Wilson heroics draw praise

Rookie QB continues to impress his coach

Tim Booth Associated Press

RENTON, Wash. – The distances the Seattle Seahawks offense needed to cover late in regulation and then again in overtime left plenty of opportunity, as coach Pete Carroll put it, to “really screw it up.”

Not with Russell Wilson at the controls. Not with the way this rookie is playing.

“There’s really nothing to hold us back with what we can do and ask the quarterback to do with the system and all of that now. He can really handle the package,” Carroll said. “We’re trying to benefit from that.”

With two drives on Sunday – one at the end of regulation and the other in overtime – Wilson kept the Seahawks firmly in control of the final playoff spot in the NFC with a 23-17 overtime win over Chicago. He led Seattle to touchdowns the final two times it had the ball.

And they weren’t short drives. Seattle went 97 yards on its final possession of regulation to take the lead, then another 80 yards in overtime to pull out the victory. Wilson accounted for 56 of Seattle’s 80 yards on its overtime drive, including 28 yards rushing. Three times he converted third downs and capped Seattle’s victory by hitting Sidney Rice on a 13-yard TD.

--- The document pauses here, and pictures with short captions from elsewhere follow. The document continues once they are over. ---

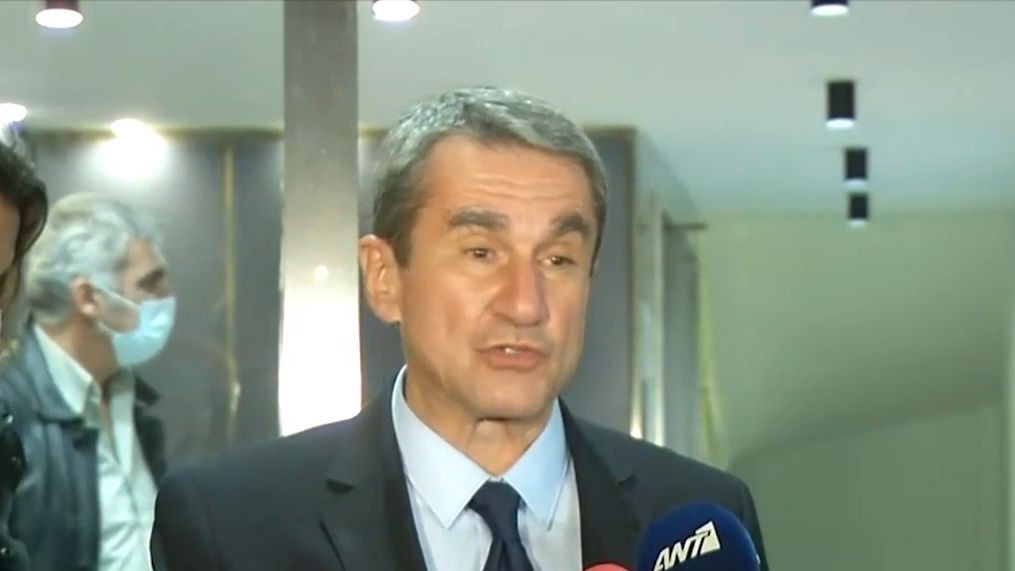 Αινιγματική αντίδραση Λοβέρδου – “Το ΠΑΣΟΚ έχει μέλλον, συνεχίζω δυνατά με σεμνότητα και ενότητα” (vid)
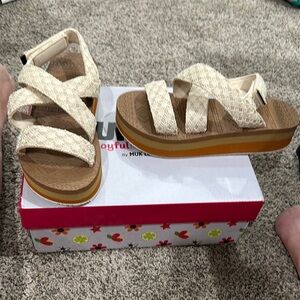 Muk Luks Beige Sandals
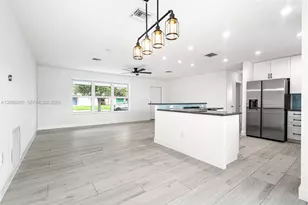 7960 Shalimar St, Miramar, FL 33023 - Photo 16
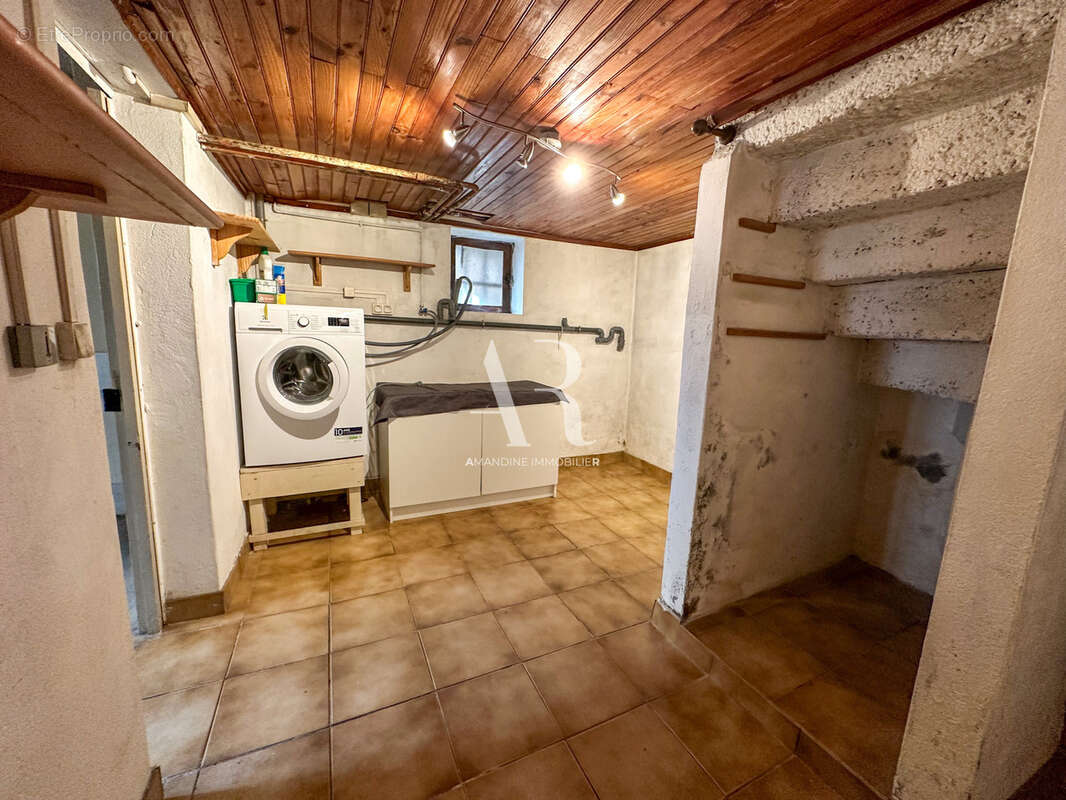 Maison à SAINT-MAUR-DES-FOSSES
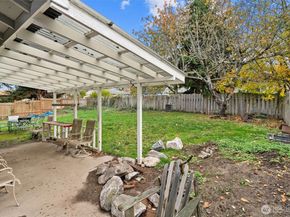 25918 14th Avenue S, Des Moines WA 98198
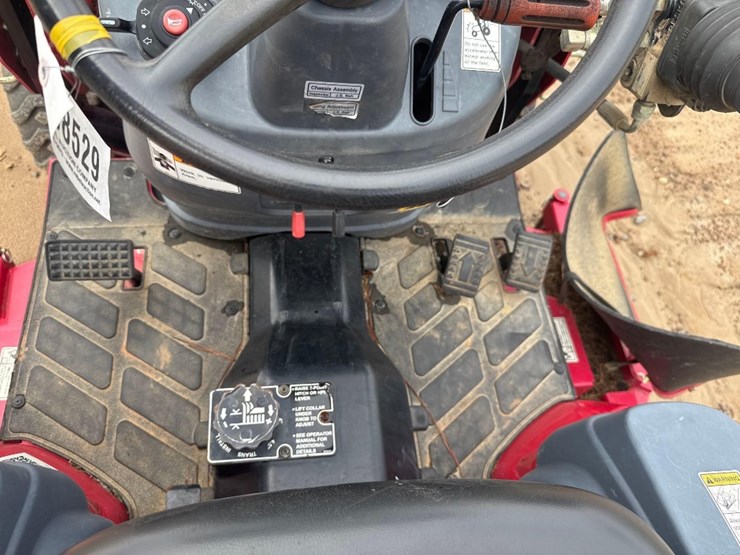 mahindra-emax-25-image-21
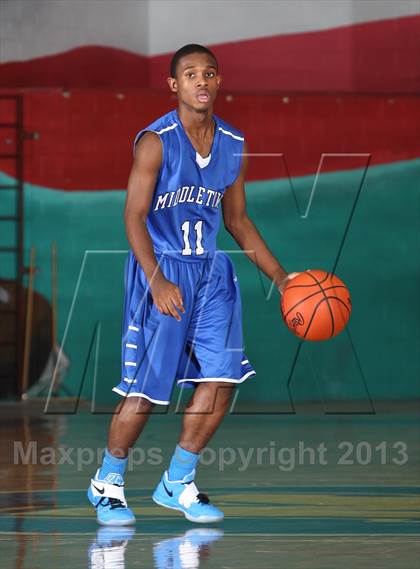 Thumbnail 2 in Middletown vs New Rochelle (Hoops For A Cure Extravaganza) photogallery.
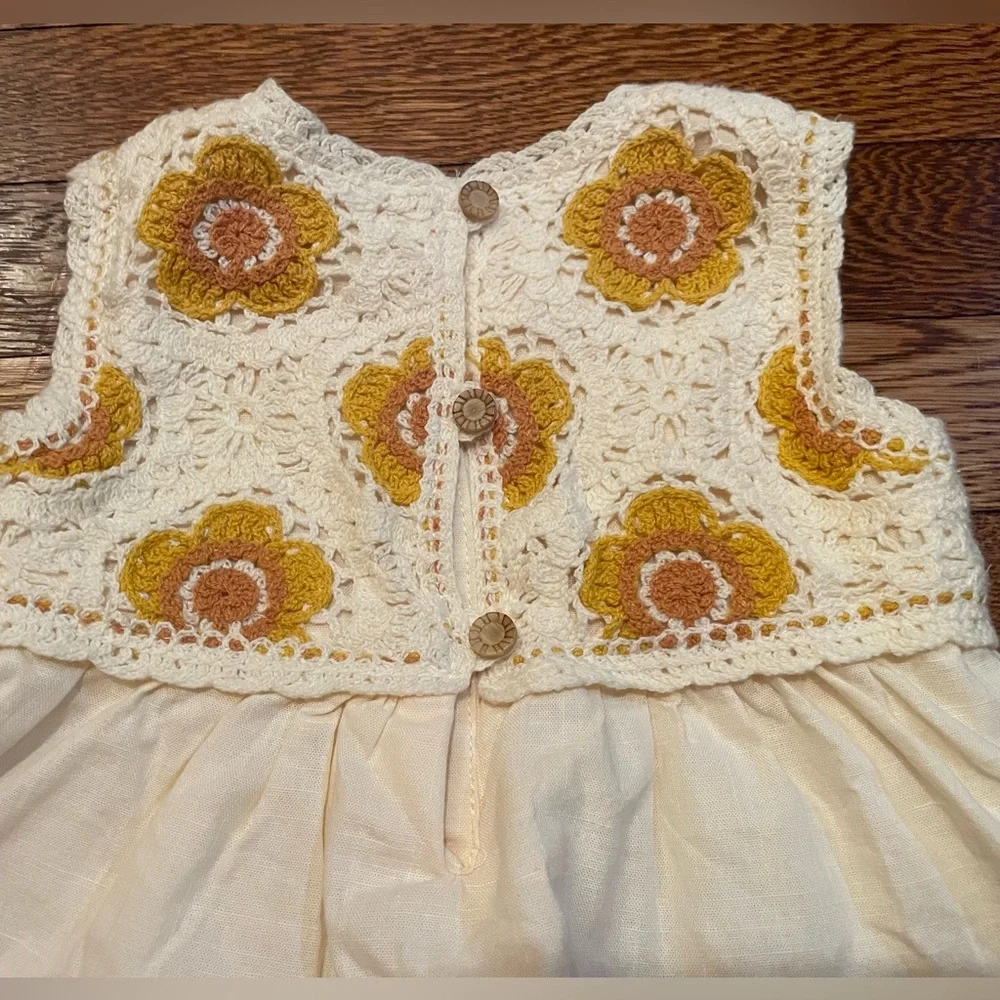 C & C California Kids Crochet Floral Top Size 18 Months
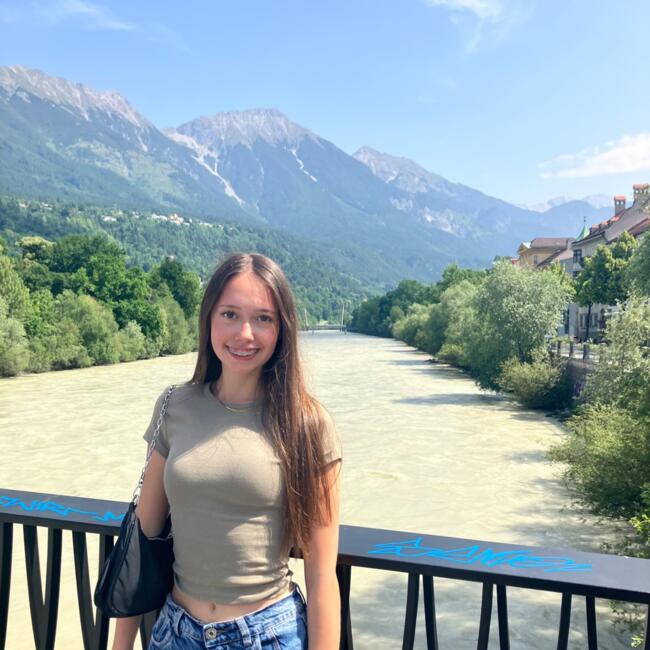 Babysitter in Lyon: Anna Sophie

Combined over Seattle’s final two possessions, the first of which was capped by Golden Tate sliding off tacklers for a 14-yard TD with 24 seconds left in regulation, Wilson accounted for 115 yards passing and 47 yards rushing.

His 71 total yards rushing turned out to be the most in Seahawks history for a quarterback. Most of those running yards came on designed zone-read plays where Wilson would fake the handoff to Marshawn Lynch, then dash around end for gains that gashed the Bears defense.

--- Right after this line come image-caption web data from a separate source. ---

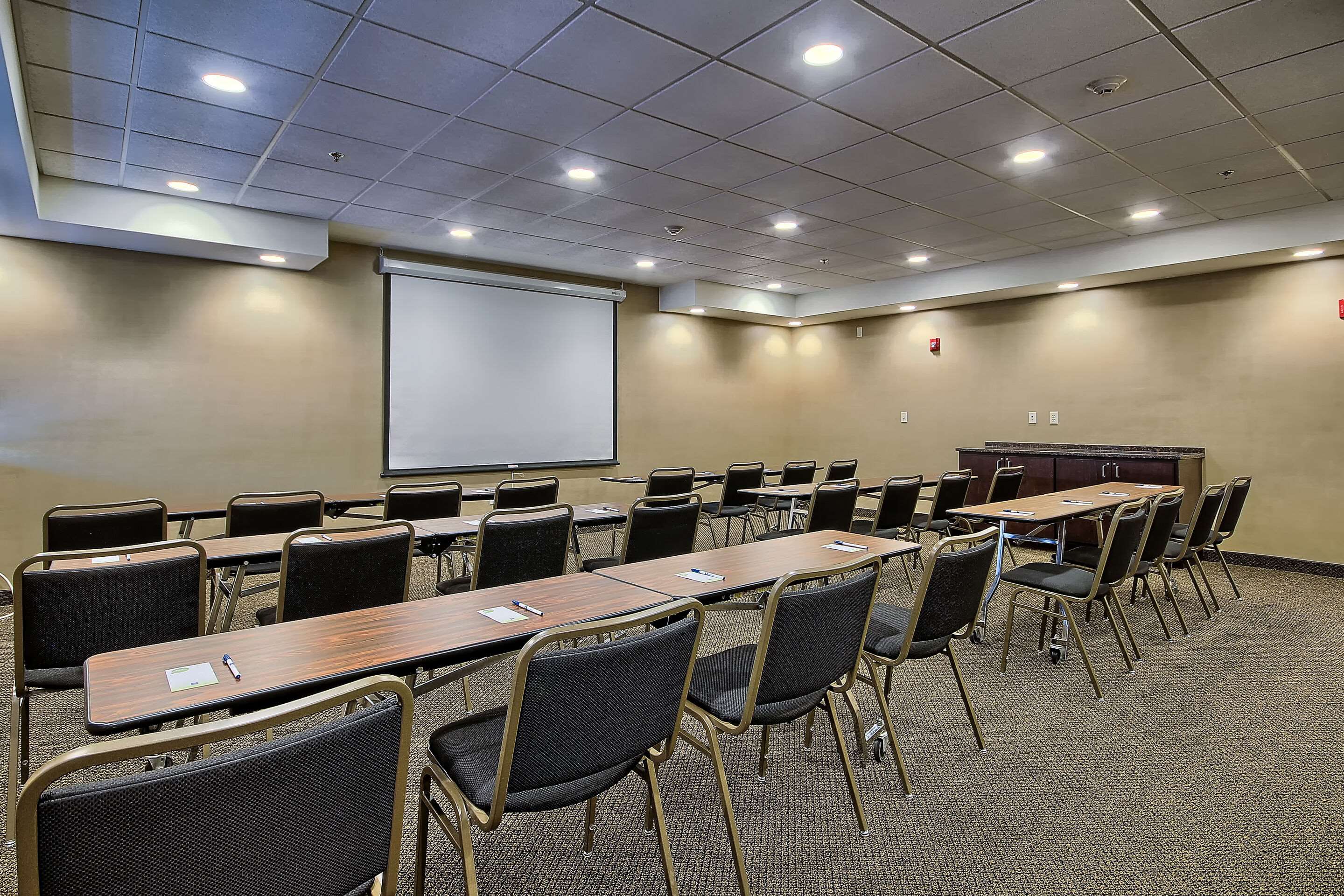 Meeting room | Comfort Inn & Suites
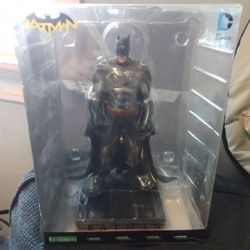 Batman ArtFx 1/10th Statue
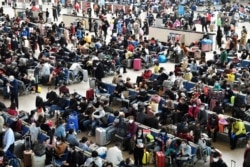 武汉解封日汉口火车站里候车的旅客 (2020年4月8日)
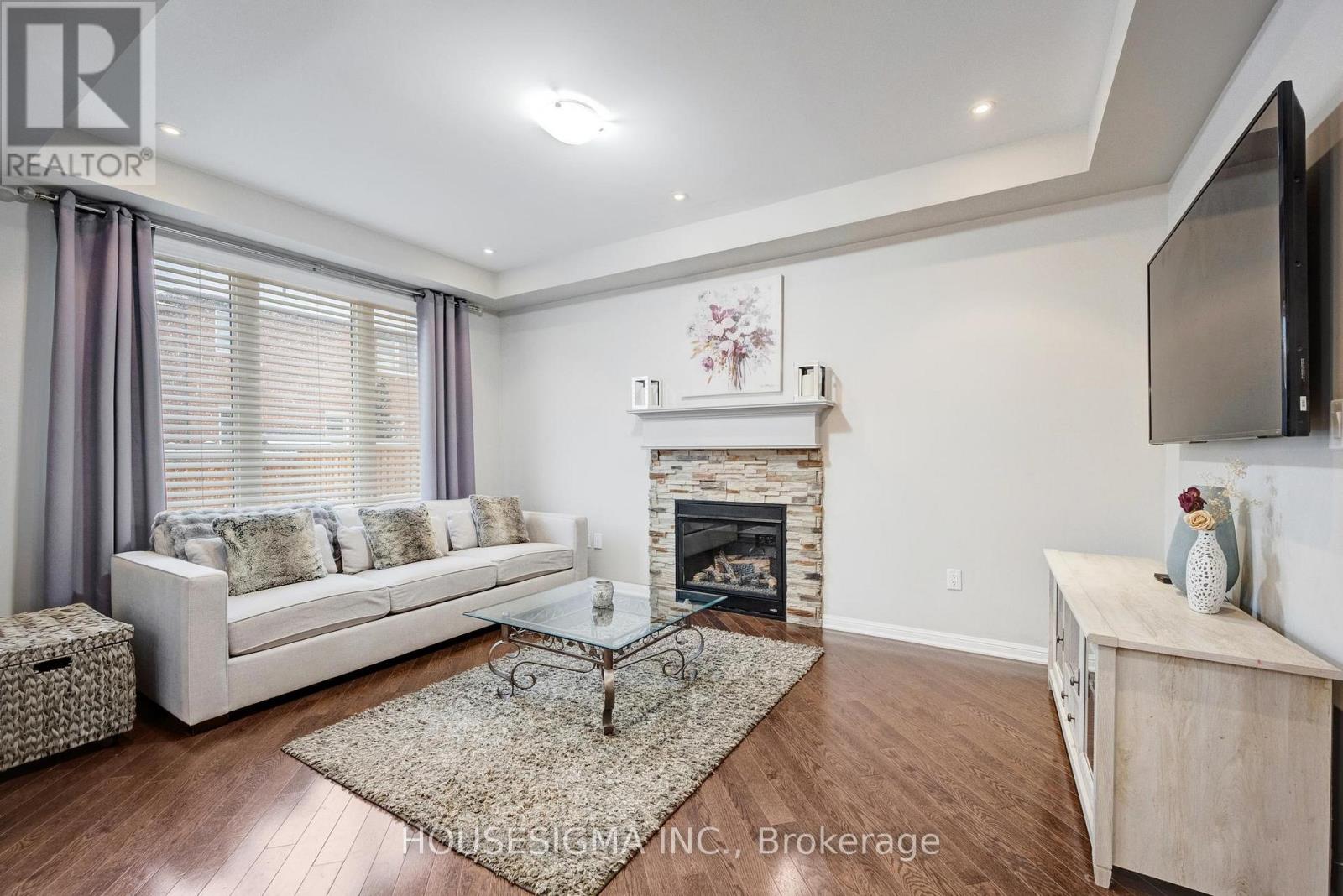 19 Seafair Crescent, Brampton, Ontario  L6Y 5W2 - Photo 9 - W12802816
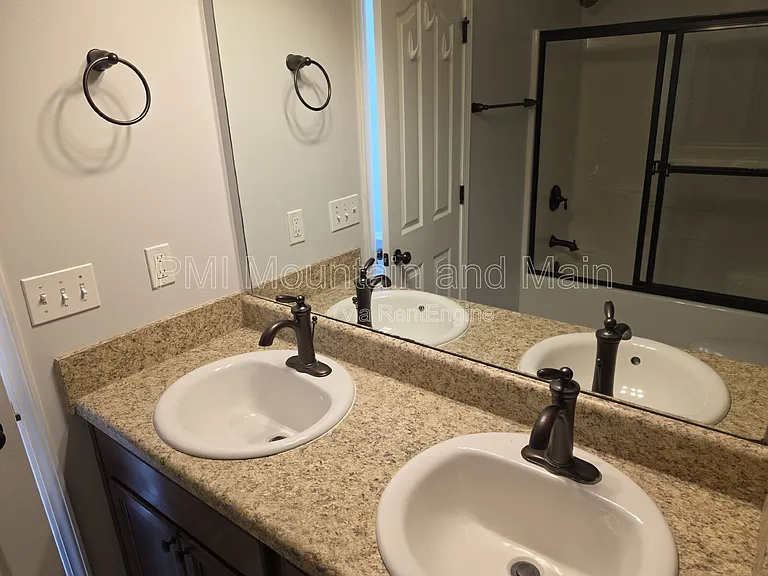25 Barnett Shoals Dr — Photo 24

“He just has a tremendous level of awareness and poise and it’s just surprising that anybody could be like that, not just a rookie or a young guy in his first shot playing in Chicago or what not,” Carroll said. “He just continues to be impressive in all of those ways.”

Closing out games has lingered as a significant problem for Seattle on the road. And lately because of the defense.

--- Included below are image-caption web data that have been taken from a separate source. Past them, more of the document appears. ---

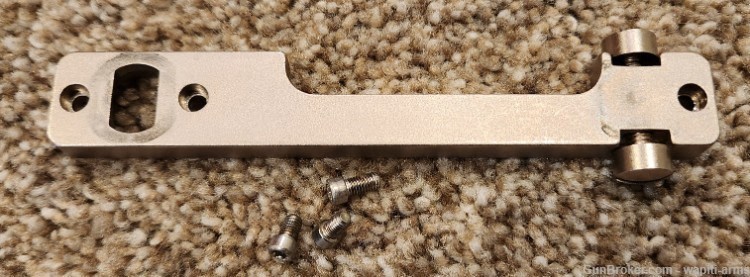 Used Leupold Rem 700 SA Base-img-0
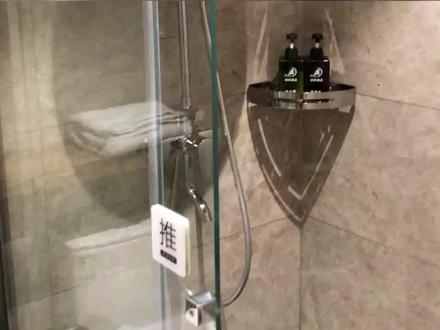 在常见的卫生间里面居然发现了一个摄像头,尴尬坏了……#隐私安全 #酒店安全 #提高安全意识 #注意防范 #女性安全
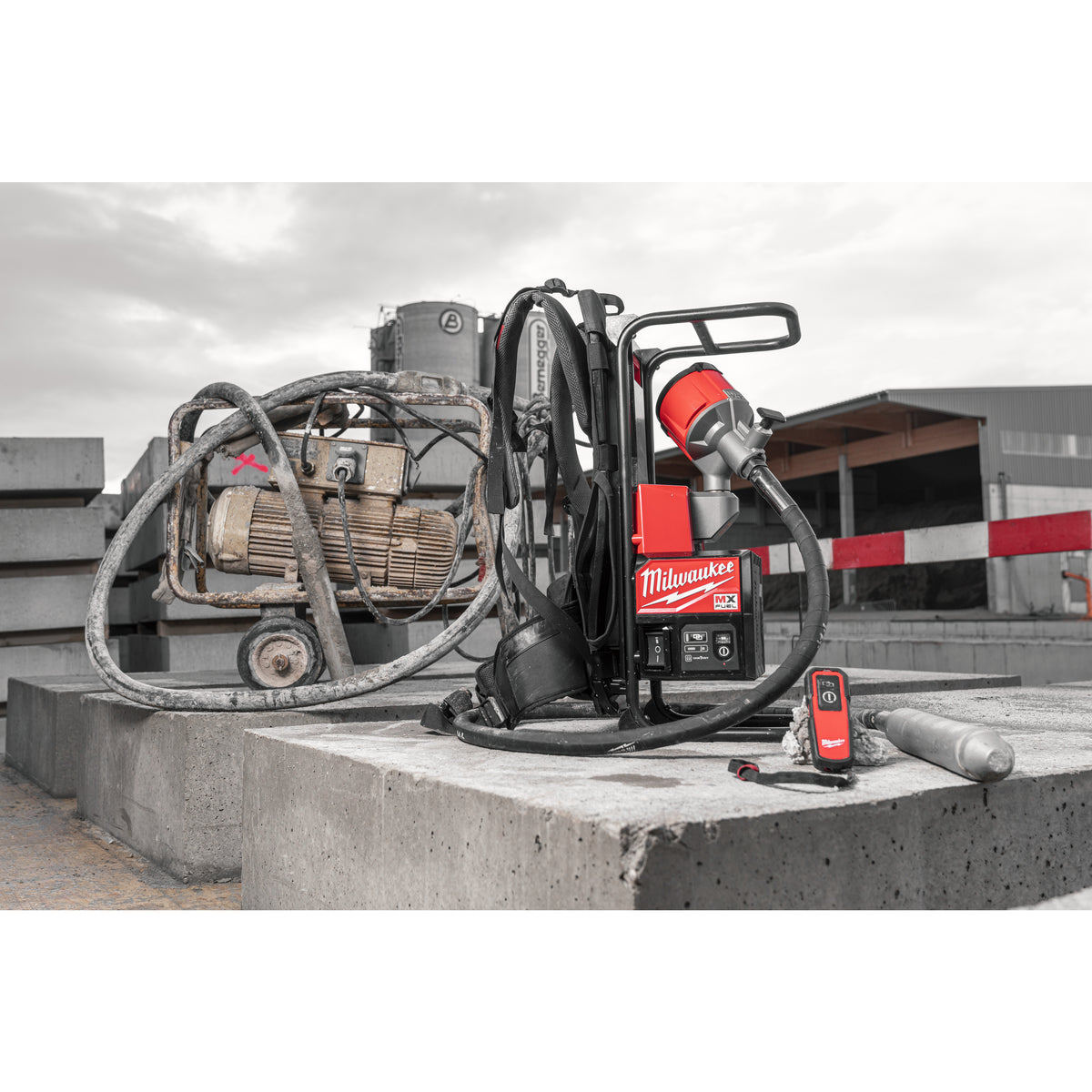 Milwaukee MX FUEL™ Akku-Rucksack-Betonverdichter MXFCVBP - Produktbild 12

It started in Detroit, when the Lions scored with 20 seconds left after driving 80 yards to pull out a 28-24 win. Last week in Miami, the Seahawks gave up 17 fourth-quarter points and Dan Carpenter’s field goal on the final play gave the Dolphins a 24-21 win.

And on Sunday, the Seahawks defense again let down when Jay Cutler scrambled free from pressure to find Brandon Marshall for 56 yards, setting up Robbie Gould’s 46-yard field goal on the final play of regulation to force overtime. Carroll said when Cutler scrambled, Seattle’s secondary briefly lost contain on Marshall and allowed him to come back to the ball and make the play.

For all the excitement about the victory, there are injury concerns going forward.

Receiver Sidney Rice was hammered on the game-winning touchdown at the goal line. He tweeted Sunday night that he was cleared by doctors but Carroll said Rice was going through concussion protocols in part because of his history with head injuries.